_Task objective:_ Everything from the line containing "那个444分读殡葬的男生，去给逝者穿衣了" to the end of the listing, both included, should be returned exactly, apart from the pictures.

##### Entries shown #####

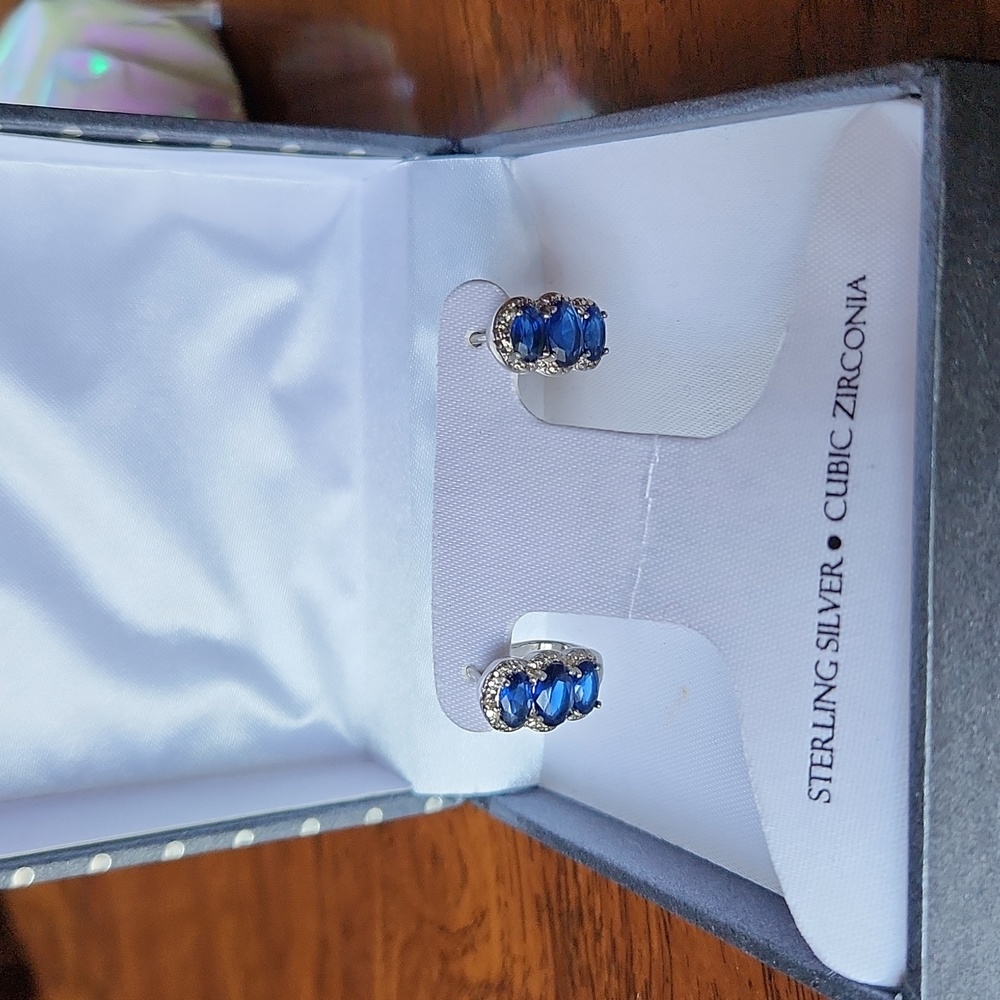 Sapphire Earring Round MP HALO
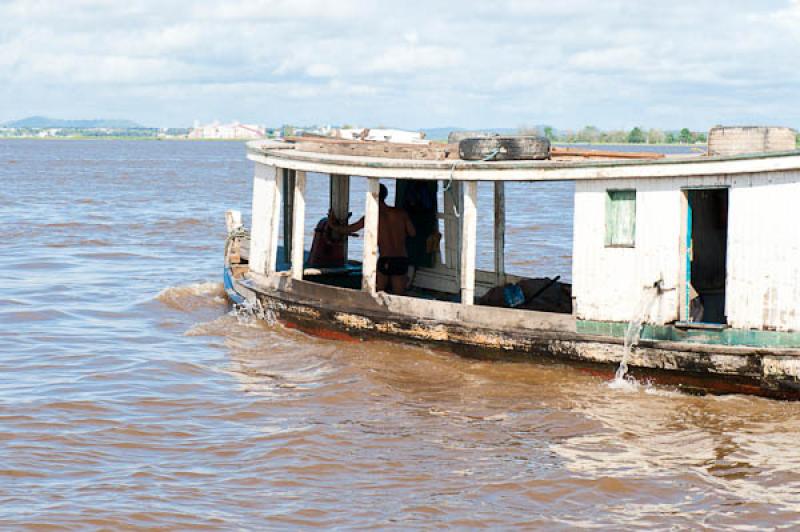 Planchon en el Rio Amazonas, Amazonas, Leticia, Co...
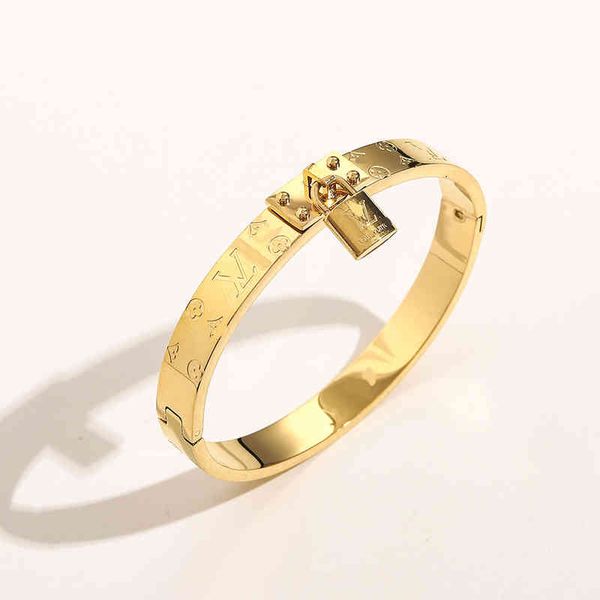 donkey home gold bracelet with steel seal clover classic pattern lock pendant bracelet simple fashion atmosphere female, Golden;silver
donkey home gold bracelet with steel seal clover classic pattern lock pendant bracelet simple fashion atmosphere female, Golden;silver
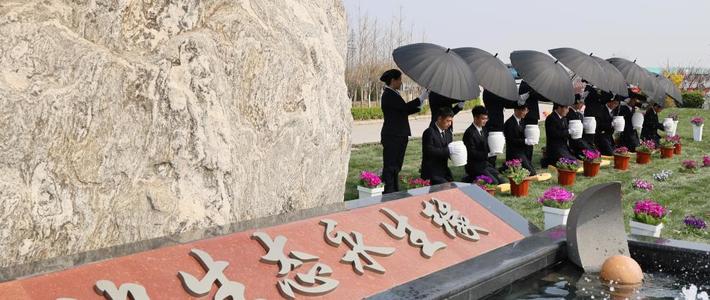 那个444分读殡葬的男生，去给逝者穿衣了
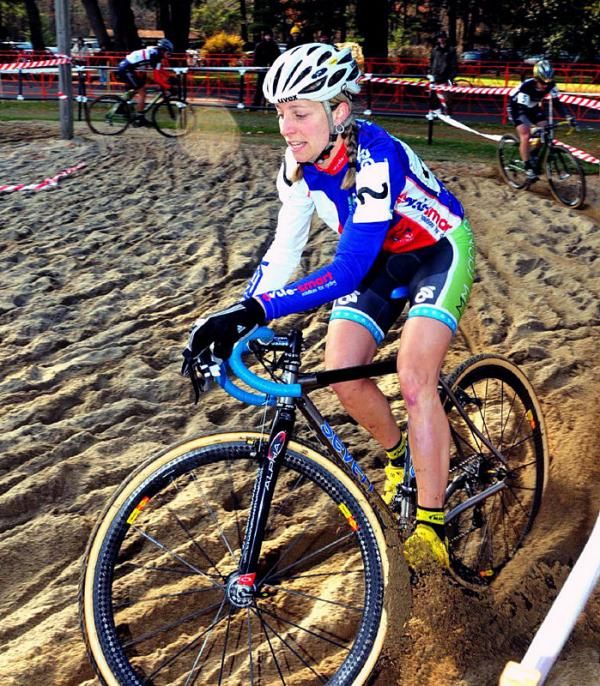 Series leader Mo Bruno Roy (M&amp;M Racing/Seven Cycles) having little trouble with the sand pit.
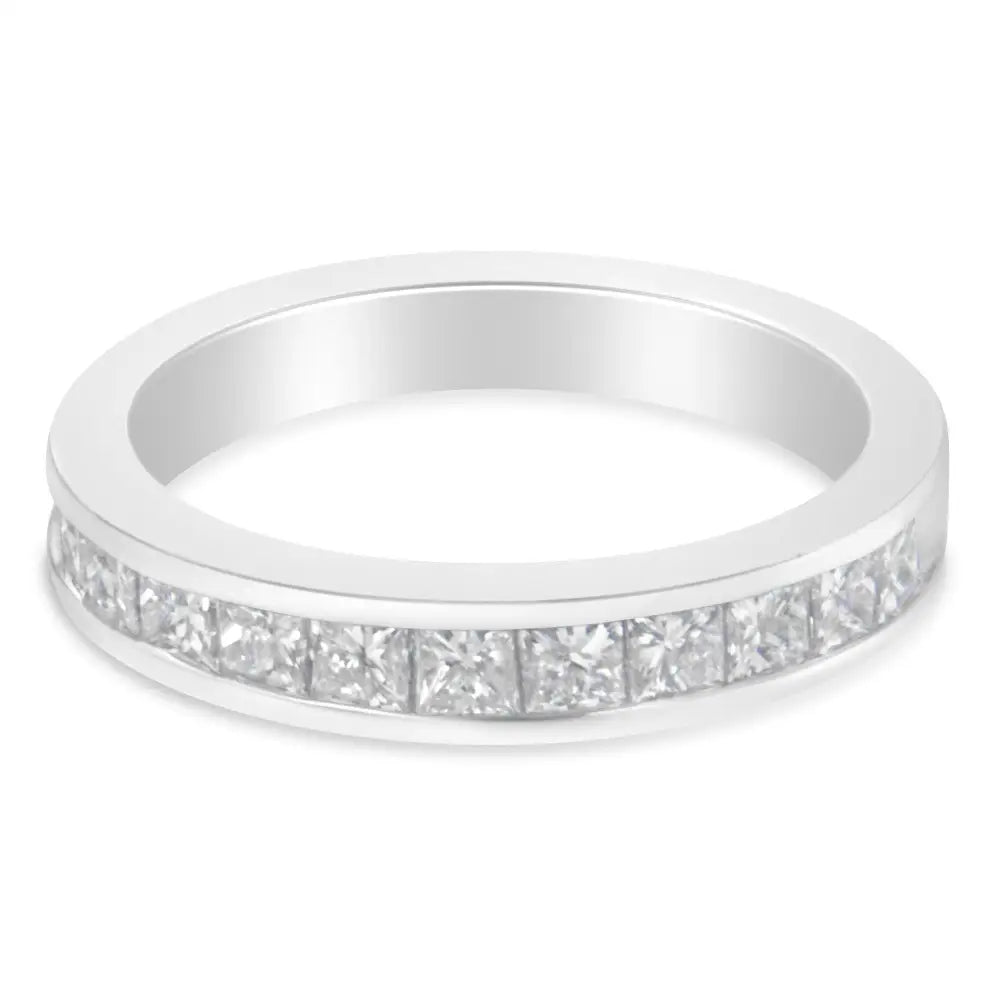 Radiant 18k White Gold Princess Cut Diamond Band Ring Elegance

#####

_Result:_
 那个444分读殡葬的男生，去给逝者穿衣了
 Series leader Mo Bruno Roy (M&amp;M Racing/Seven Cycles) having little trouble with the sand pit.
 Radiant 18k White Gold Princess Cut Diamond Band Ring Elegance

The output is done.